Sebagai mahluk sosial yang melakukan interaksi dengan lingkungannya, anak-anak kerap mengalami permasalahan yang tidak se-sinergi dengan orang tua hingga muncullah berbagai labelitas yang di tempel pada anak-anak yang dianggap bermasalah itu versi sudut pandang orang dewasa.
Ada lima masalah populer anak yang sering menjadi ‘penghalang’ konsensus antara mereka dan orang tua. Diantaranya adalah Anak Membangkang, Anak Pemarah, Anak Pemalas, Anak Egois, Anak Pengeluh. Kerap kali ‘senjata’ yang mereka keluarkan saat tidak menemui jalan terhadap apa yang mereka rasa dan pikirkan adalah Menangis dan Merengek, Marah, Mengancam, Mencari belas kasihan, Menjilat, Taktik Fisik.

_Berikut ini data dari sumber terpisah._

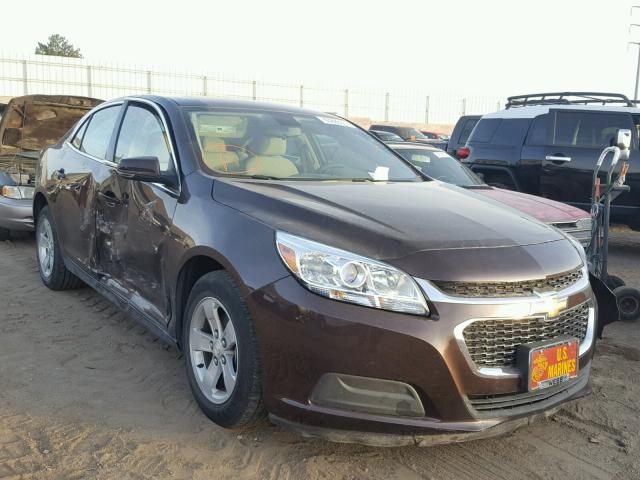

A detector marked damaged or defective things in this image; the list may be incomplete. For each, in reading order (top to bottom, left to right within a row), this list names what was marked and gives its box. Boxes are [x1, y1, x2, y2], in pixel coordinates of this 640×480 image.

damaged brown car [0, 95, 101, 240]
damaged brown car [32, 96, 616, 446]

Mungkin hampir dari kita semua mengalami hal ini saat mencoba ‘negosasi’ dengan makhluk sosial kecil yang satu ini. ‘Bahasa’ yang mereka sampaikan melalui senjata-senjata itu adalah terjemahan bahwa mereka ingin diakui sebagai makhluk sosial yang memiliki rasa dan pikiran sendiri. Dan lebih serunya lagi, mereka belajar menggunakan senjata-senjata itu dari lingkungan terdekat tempat mereka menghabiskan waktu sehari-hari. Bisa dari sekolah, bisa dari tontonan dan lingkungan permainan sekitar rumah, atau bahkan yang lebih ekstrim mereka dapatkan dari kedua orang tuanya sendiri.

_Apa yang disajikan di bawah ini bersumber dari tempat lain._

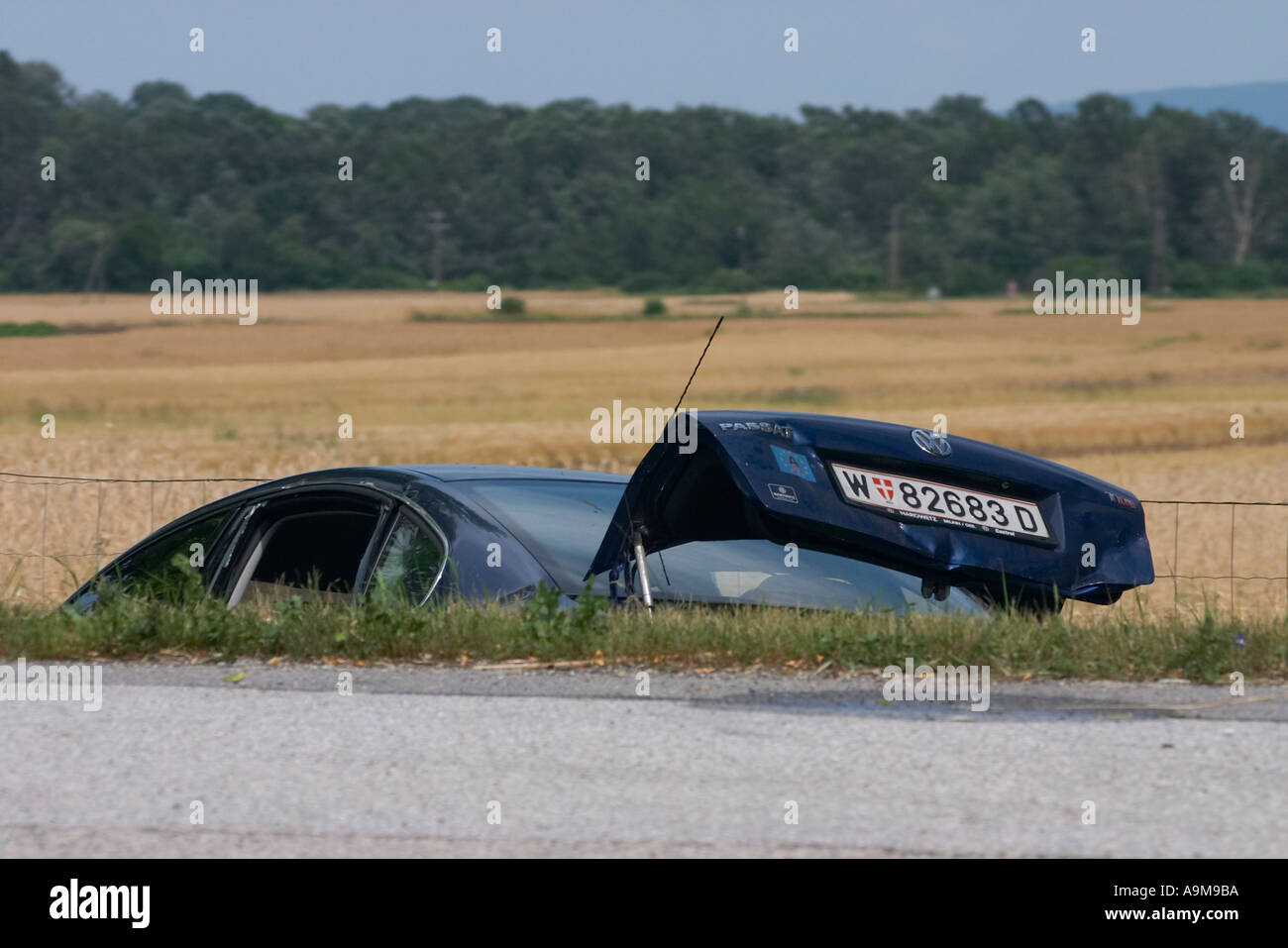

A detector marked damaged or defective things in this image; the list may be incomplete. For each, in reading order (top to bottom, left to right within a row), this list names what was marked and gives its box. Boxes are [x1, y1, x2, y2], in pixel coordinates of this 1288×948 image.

overturned blue car [67, 408, 1157, 614]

Oleh karenanya sebelum kita bertanya mengapa ia menjadi sangat tidak koperatif seperti itu, ada baiknya kita memikirkan bagaimana perilaku-perilaku itu bisa terbentuk dengan sebegitu kuatnya? Anak burung bisa terbang tidak terjadi seketika. Ia melakukannya hingga mahir karena ada proses peniruan, berlatih dan berulang-ulang dilakukan atas bimbingan induknya. Setelah mahir, ia menjadi percaya bahwa kemampuan terbang itu merupakan keahlian yang ia miliki. Apalagi jika sang induk memberinya reward berupa motivasi, persetujuan dan kasih sayang agar ia terus melakukan kehalian tersebut.

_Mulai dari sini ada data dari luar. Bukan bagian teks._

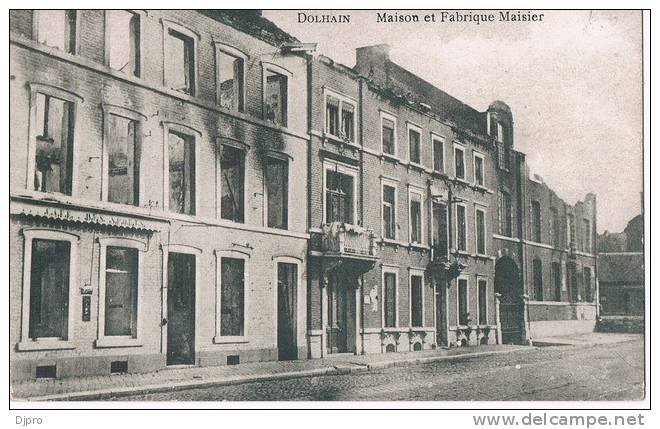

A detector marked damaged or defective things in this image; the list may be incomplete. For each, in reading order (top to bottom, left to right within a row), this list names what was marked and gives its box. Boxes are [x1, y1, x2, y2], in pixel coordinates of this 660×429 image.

broken window [36, 9, 76, 53]
broken window [107, 10, 141, 76]
broken window [166, 29, 195, 95]
broken window [218, 49, 244, 112]
broken window [264, 69, 288, 126]
broken window [34, 94, 73, 196]
broken window [107, 114, 138, 205]
broken window [169, 129, 195, 212]
broken window [220, 145, 244, 222]
broken window [266, 157, 288, 229]
damaged building facade [9, 10, 600, 380]
broken window [324, 169, 354, 224]
broken window [382, 117, 398, 155]
broken window [382, 183, 398, 239]
broken window [28, 239, 70, 340]
broken window [104, 246, 138, 336]
broken window [220, 256, 246, 336]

Begitupun dengan anak-anak yang terbiasa marah, malas, egois, membangkang serta mengeluh. Jika hal ini biasa mereka lakukan, bisa jadi itu karena mereka percaya bahwa hal-hal tersebut merupakan keahlian yang mereka miliki untuk dapat berkomunikasi dengan orang lain diluar dirinya. Keahlian terbentuk karena kebiasaan sekaligus kesadaran bahwa hal tersebut ‘baik’ bagi dirinya serta adanya pembiaran dari orang-orang sekitarnya.
Jika kita sebagai orang tua telah merasa berusaha memperbaiki kebiasaan tersebut, mari kita sama-sama mengecek kembali apakah cara-cara kita memperbaikinya sudah dengan usaha yang maksimal. Jika mereka begitu bersemangat untuk bertahan memiliki keahlian-keahlian tersebut, maka mengapa terkadang kita kalah semangat untuk mencari cara agar mereka segera merubah cara berkomunikasinya itu dengan keahlian yang lebih baik dan nyaman untuk semua pihak.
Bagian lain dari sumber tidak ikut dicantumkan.